Work item:
For the records below, print the lines from the line with "Dkny Sport Women's" through the line with "BMW X1 SDRIVE2 2018" exactly as written; include both end lines and exclude the rest.

Supplied data:

"""

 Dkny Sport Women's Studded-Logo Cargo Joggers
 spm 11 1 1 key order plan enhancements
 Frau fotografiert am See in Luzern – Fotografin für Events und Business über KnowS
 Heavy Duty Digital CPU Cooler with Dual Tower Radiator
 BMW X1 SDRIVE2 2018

"""
"""

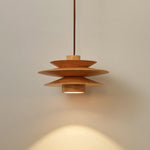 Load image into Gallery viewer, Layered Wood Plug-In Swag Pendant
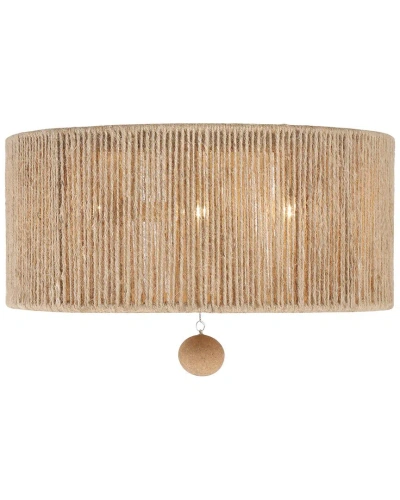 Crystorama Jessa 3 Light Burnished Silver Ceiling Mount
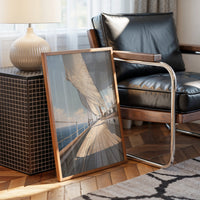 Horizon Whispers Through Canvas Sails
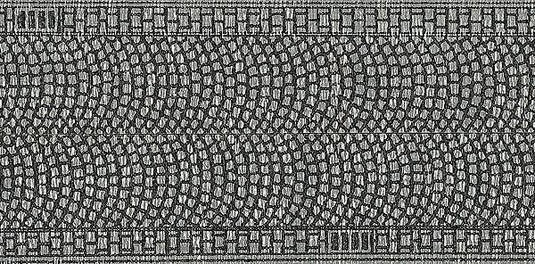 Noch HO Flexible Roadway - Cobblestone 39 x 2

"""
"""

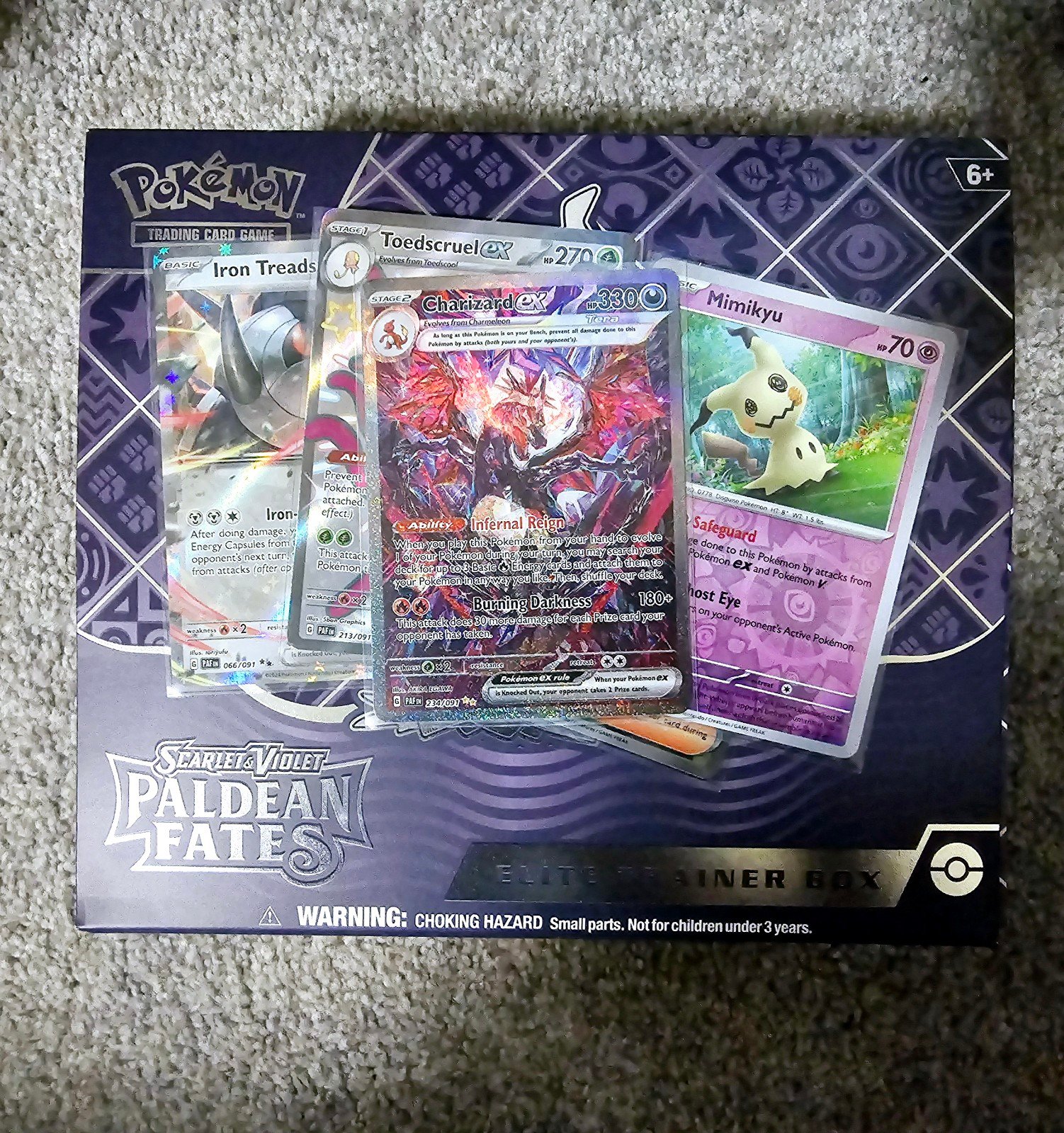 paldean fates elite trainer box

"""

Solution to this problem:
 Dkny Sport Women's Studded-Logo Cargo Joggers
 spm 11 1 1 key order plan enhancements
 Frau fotografiert am See in Luzern – Fotografin für Events und Business über KnowS
 Heavy Duty Digital CPU Cooler with Dual Tower Radiator
 BMW X1 SDRIVE2 2018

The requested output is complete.